I’m not sure why you got an error you received from the line autos[['date_crawled','ad_created','last_seen']][0:5], it worked just fine for me. What kind of error did you receive?
If you’re not able to figure it out, please share your .ipynb notebook file so members of the community can have a look and help you troubleshoot.
I just had a look at the .ipynb file you attached. The reason autos[['data_crawled','ad_created','last_seen']][0:5] isn’t running is because those columns don’t exist. On the 2nd screen there are instructions to rename some columns and transform the rest of them from camelcase to snakecase. For example, you still have dateCrawled as a column name (camelcase), so it hasn’t been changed to snakecase (date_crawled).
Hello! Is it possible for us to download the autos.csv file somewhere? The only file I found was the one you guys provided in Kaggle, but that one is the complete, I would like the one used in the project.
In the DQ interface for Jupyter notebook, there’s a download link at the top. Clicking this will allow you to download a .tar file, which contains the dataset(s) used for the project along with your project notebook file.

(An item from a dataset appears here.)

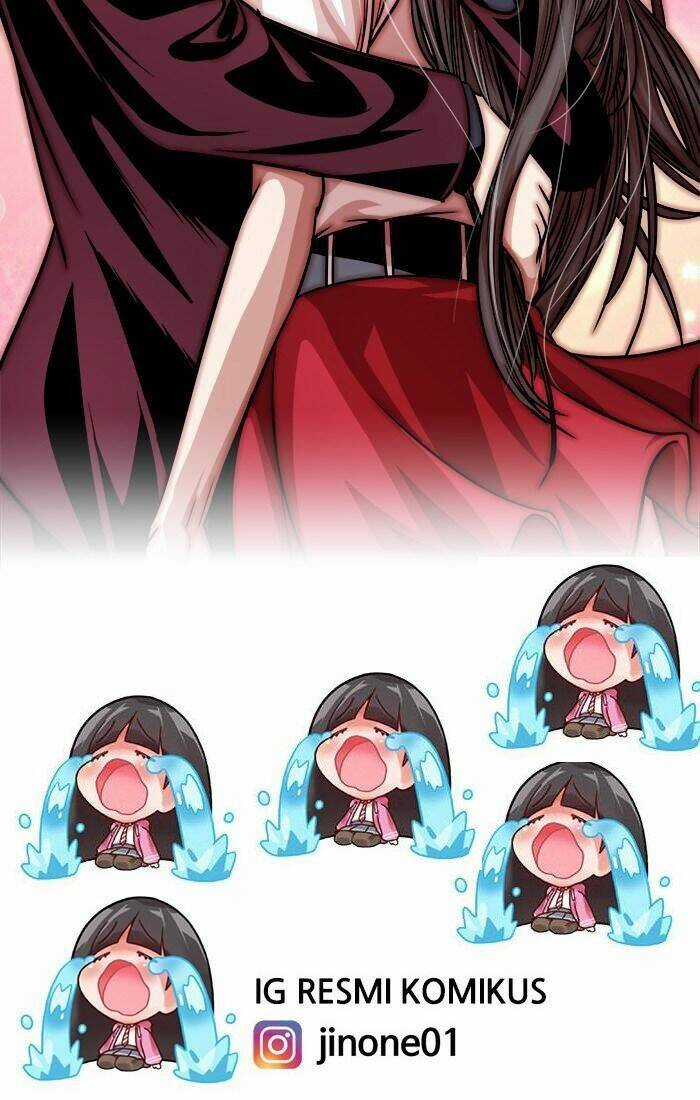 Change (Jinyuan) Ss2 - Chapter 28 - Trang 98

thanku It worked, i dont have any coding background that’s why it’s always a panic situation for me. I always forget few things while coding sometime its really hard to understand the terms asked in question area. Thank You April.g for guiding me
The error (KeyError: ('date_crawled', 'ad_created', 'last_seen')) results from using multiple column names. You’d need to use double brackets (autos[['date_crawled', 'ad_created', 'last_seen']]) to take care of that error.
If we fix that, we get another error: AttributeError: 'DataFrame' object has no attribute 'value_counts'. The reason for this is because .value_counts() is only used for a Series object. When you use multiple columns, you have a DataFrame object and can’t use value_counts.
You can only use value_counts on a series (one column), and autos[cols] is a dataframe with 3 columns. That’s why you’re getting that error. You can do one column at a time, or make a loop that puts in one column at a time, like
for col in cols:
print(autos[col].value_counts(normalize=True, dropna=False).describe(include = 'all'))
Not sure what you need it for (results didn’t seem that interesting), but I hope that helps.
ummmm I think i need this result for it ( Use the workflow we just described to calculate the distribution of values in the date_crawled , ad_created , and last_seen columns (all string columns) as percentages.)
Is there a method we can call to add spaces between words? Are the only options to change the column names manually or define a method to do so? I got the error ‘‘list’ object has no attribute’ replace’’ when I tried the following:
col = col.split()
col = col.replace(" “,”_")
col = col.lower()
Hey @vroomvroom. When you run the loop over autos_c.columns, c for each iteration is a string. When split() is applied, it creates a list from the string and splits (by default) at a space. So if your string was 'python is awesome', you would end up with ['python', 'is', 'awesome']. Camelcase doesn’t have the spaces, so all you’re doing with this bit of code is turning each string into a list with one element; for example, 'dateCrawled' becomes ['dateCrawled']. Then when the function tries to apply replace(), it can’t because c is no longer a string but a list. That’s why you’re getting the error there.
I found this article on Geeks for Geeks that you might be interested in seeing. There’s a few different options to create functions for this purpose. I forget what exactly you would know so far in the course, but the first one at least should be pretty easy to understand what’s going on. Hopefully that helps you achieve the results you’re looking for!